ENTRIES SHOWN:
★ ★ ★ ★
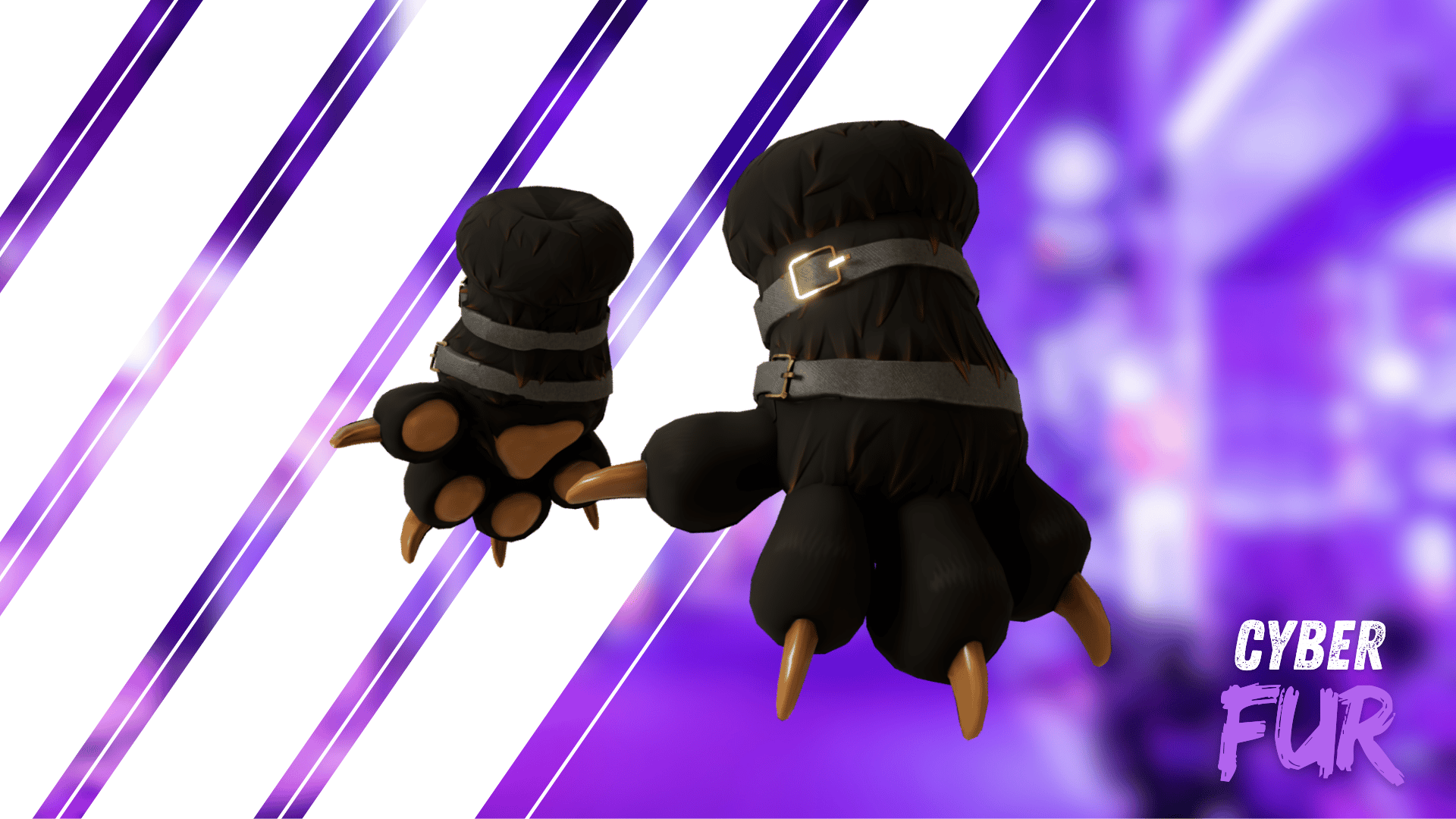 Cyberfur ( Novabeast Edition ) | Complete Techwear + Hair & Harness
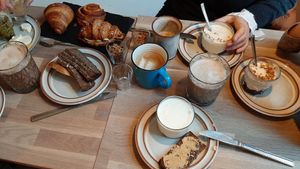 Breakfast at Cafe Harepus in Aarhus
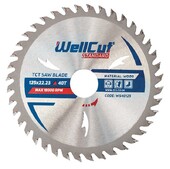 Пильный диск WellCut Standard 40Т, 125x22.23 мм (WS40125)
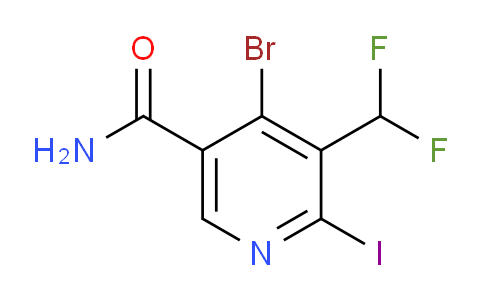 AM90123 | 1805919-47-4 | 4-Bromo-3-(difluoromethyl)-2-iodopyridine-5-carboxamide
★ ★ ★ ★
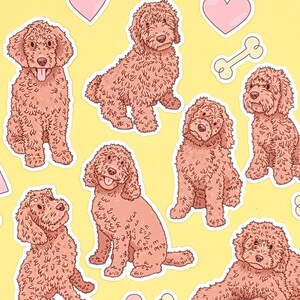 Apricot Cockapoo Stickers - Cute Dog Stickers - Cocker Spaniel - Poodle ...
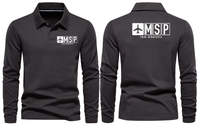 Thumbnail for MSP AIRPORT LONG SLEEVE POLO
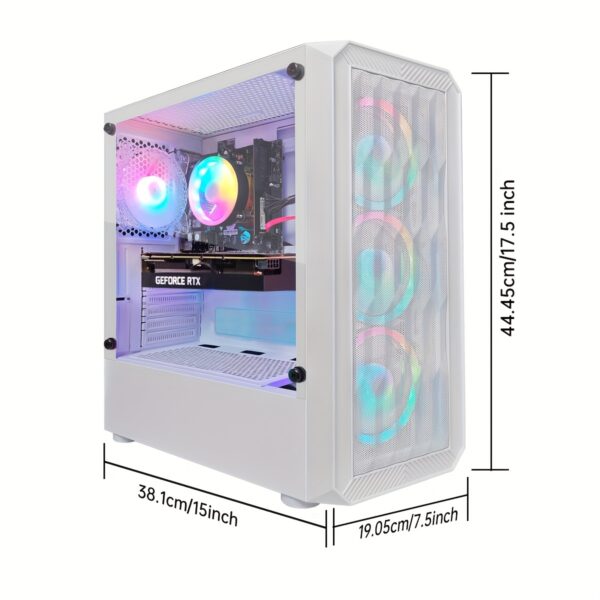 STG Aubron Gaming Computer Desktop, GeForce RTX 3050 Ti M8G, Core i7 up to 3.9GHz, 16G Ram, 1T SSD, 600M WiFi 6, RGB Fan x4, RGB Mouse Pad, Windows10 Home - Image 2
★ ★ ★ ★
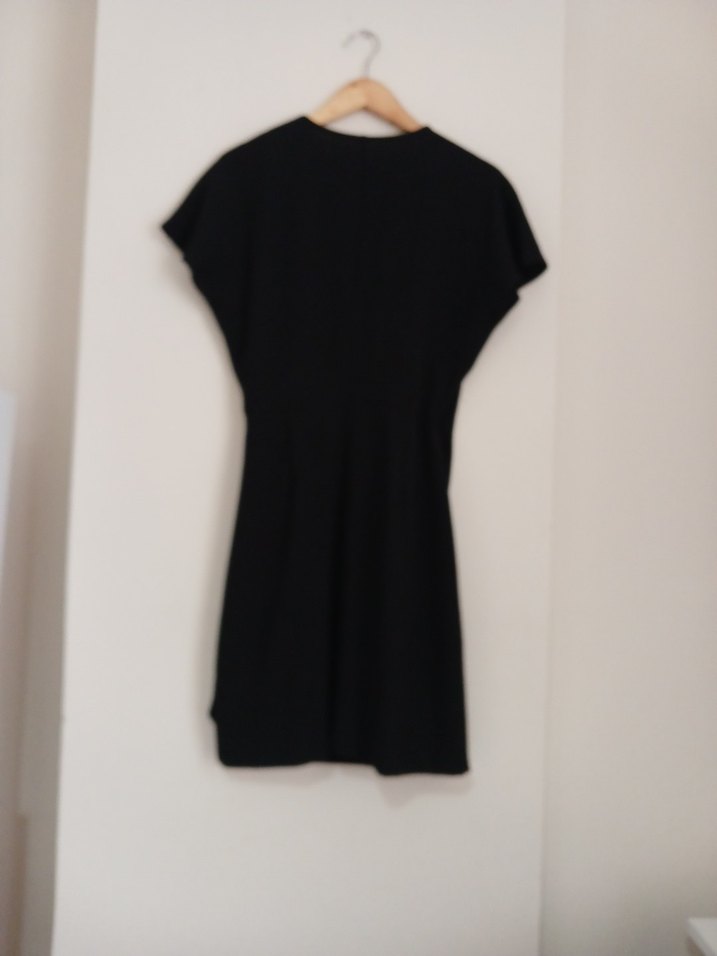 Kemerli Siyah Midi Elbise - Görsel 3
★ ★ ★ ★
WHAT YOU HAVE TO DO: Skipping the pictures, print the lines in the listing above exactly as written, starting at the line with "Cyberfur ( Novabeast" and ending at the line with "AM90123 | 1805919-47-4", both included.

FINISHED EXERCISE:
 Cyberfur ( Novabeast Edition ) | Complete Techwear + Hair & Harness
 Breakfast at Cafe Harepus in Aarhus
 Пильный диск WellCut Standard 40Т, 125x22.23 мм (WS40125)
 AM90123 | 1805919-47-4 | 4-Bromo-3-(difluoromethyl)-2-iodopyridine-5-carboxamide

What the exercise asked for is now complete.